Le projet de loi sur l’économie sociale et solidaire (ESS) aura survécu au départ de son concepteur, Benoît Hamon. La version définitive du texte a été adoptée, lundi soir, en commission paritaire à l’Assemblée nationale. En substance, le texte a peu changé depuis le début. Avec lui, le gouvernement tente d’encourager ce secteur de l’économie qui représente déjà 10% du PIB en France et environ 200 000 structures. La mesure, qui vise à favoriser une autre voie pour l’économie, plus juste socialement et plus durable, était défendue par l’ensemble de la gauche au parlement. La droite a voté contre ou s’est abstenue.

Au cabinet de la secrétaire d’Etat à l’ESS Carole Delga, on met en avant une définition claire de l’ESS, «des barrières déterminées» présentées dans l’article 1 du texte. Aux structures historiques (associations, mutuelles et coopératives) vont s’ajouter des sociétés commerciales qui poursuivent, elles aussi, un objectif d’utilité sociale, ont instauré une gouvernance démocratique et réinvestissent la majorité des excédents de gestion dans l’entreprise. L’Assemblée a réintroduit dans le texte un «guide des bonnes pratiques» qui assurera le respect des valeurs de l’ESS. «L’ancien agrément n’était pas clair. Il y avait des effets d’aubaine : des start-ups dans le développement durable couraient après… L’ESS, ce n’est ni de la responsabilité sociale et environnementale, ni du social washing, ni du social business», balance-t-on sans détour.

Le financement facilité

Si la définition de l’économie sociale et solidaire est un sujet sensible, c’est parce que ces structures vont bientôt bénéficier d’un accès aux financements facilité grâce à l’intervention de la Banque publique d’investissement (BPI).

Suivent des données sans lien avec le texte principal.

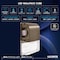 Luxrite Outdoor Dusk to Dawn LED Wall Pack 15/20/25W Up to 3250LM 3CCT 3000K-5000K IP65 Clear, 2PK LR40618-2PK - alternate 8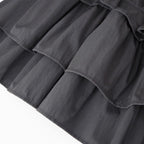 Damen Langarmkleid mit Rüschensaum R&B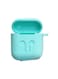 Generic Protective Silicone Case For Apple Airpods Lime Green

Au total, 500 millions d’euros seront réservés à ce secteur. L’ESS aura droit à des produits spécifiques en financement bancaire et en fonds propres : un prêt participatif social et solidaire de petit montant à combiner avec d’autres ressources. Un fonds d’investissement dédié aux coopératives et un fonds de l’innovation sociale, présenté sous forme d’avance remboursable, devrait aussi voir le jour au deuxième semestre 2014. «Nous souhaitons créer un écosystème favorable pour attirer des investisseurs privés. Les acteurs du secteur nous l’ont dit : on veut des fonds propres, sortir de la dépendance aux subventions», précise le ministère.

Favoriser la reprise d’entreprises par les salariés

Benoît Hamon y tenait : la loi sur l’ESS devait permettre de favoriser la reprise des entreprises en difficulté par leurs salariés. La CGPME, organisation patronale des entreprises de taille moyenne, s’y était pourtant vivement opposée. Ce point du texte a connu quelques aménagements. «Mais l’ambition est aussi forte que dans la première version», assure le cabinet de Carole Delga. Un droit d’information préalable des salariés des PME de moins de 250 personnes en cas de cession est créé. Le chef d’entreprise devra présenter le projet de vente au moins deux mois avant. Ensuite, libre à lui d’approuver ou pas la proposition de ses anciens employés. Dans la même veine, un statut de Scop d’amorçage permettra aux salariés qui tenteront l’aventure de gérer l’entreprise en étant minoritaires au capital, le temps de réunir les fonds nécessaires pour devenir majoritaires.

L’élément manquant ? La loi ESS n’a pas gardé ses atours de loi Florange. La première version reprenait l’un des engagement de François Hollande lors de la campagne présidentielle, elle ouvrait la voie à des pénalités pour les entreprises fermant un site rentable comme, selon les syndicats, les hauts-fourneaux de Florange fermés par ArcelorMittal. La mesure a été jugée «contraire à la liberté d’entreprendre» par le Conseil constitutionnel. Reste l’obligation de rechercher un repreneur en cas de projet de fermeture d’un établissement, condition nécessaire pour valider un plan de sauvegarde de l’emploi. Enfin, l’autorité administrative pourra réclamer le remboursement des aides versées à l’entreprise deux ans avant sa fermeture définitive, s’il existait un repreneur. L’économie sociale et solidaire rejoint alors la défense des salariés.